Monkstown FC
- Full name: Monkstown Football Club
- Union: IRFU
- Branch: Leinster
- Founded: 1883; 143 years ago
- Ground(s): Sydney Parade, Dublin
- President: David O’Brien
- Coach: David Mahon
- Captain: Kieran Moloney
- League: A.I.L. Div 2C
- 2024–25: 5th.
| Team kit |

Official website
- www.monkstownfc.ie

= Monkstown Football Club =

Irish rugby union club based in Dublin, Co.Dublin

Monkstown Football Club is an Irish rugby union senior club based in Dublin 4. As of the 2024–25 season, it plays in Division 2C of the All-Ireland League.

In addition to the First XV, they also have Second (J1), Third (J2) and Fourth (J3) XV's, a mini rugby section and a Golden Oldies team.

==History==
The club was an offshoot of what was previously called Kingstown Club or simply Kingstown which had numerous early Irish rugby internationals to its name and was recorded as having at least two senior teams in the 1880s.
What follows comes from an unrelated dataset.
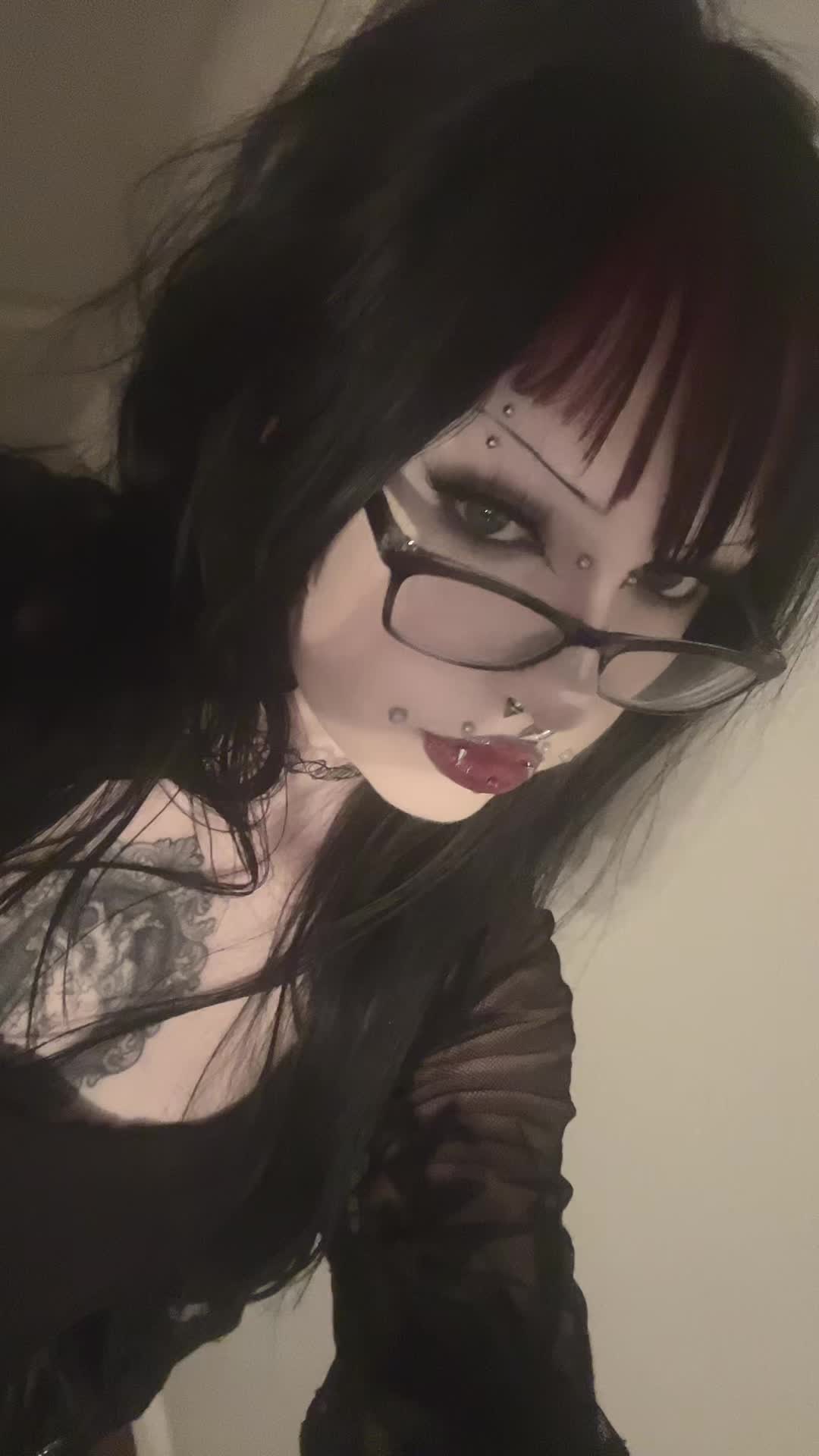 @𝔅𝔯𝔦𝔞𝔫𝔫𝔢 🧛🏻&zwj;♀️☥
The club was formally founded in 1883 as one of the first in Ireland in Monkstown as the name suggests, but moved to the Sandymount area in 1901 after leasing grounds at Sydney Parade from the Earl of Pembroke.

They have always had a military connection, with British Army soldiers among the players. In fact, many of their players were casualties in the Boer War and the First World War, including internationals Ernest Deane, Basil Maclear and Pierce O'Brien-Butler. Since Irish independence many servicemen - soldiers, sailors as well as airmen - have turned out for the club and Leinster provincial teams. The Irish Defence Forces team regularly play their French counterparts at Sydney Parade.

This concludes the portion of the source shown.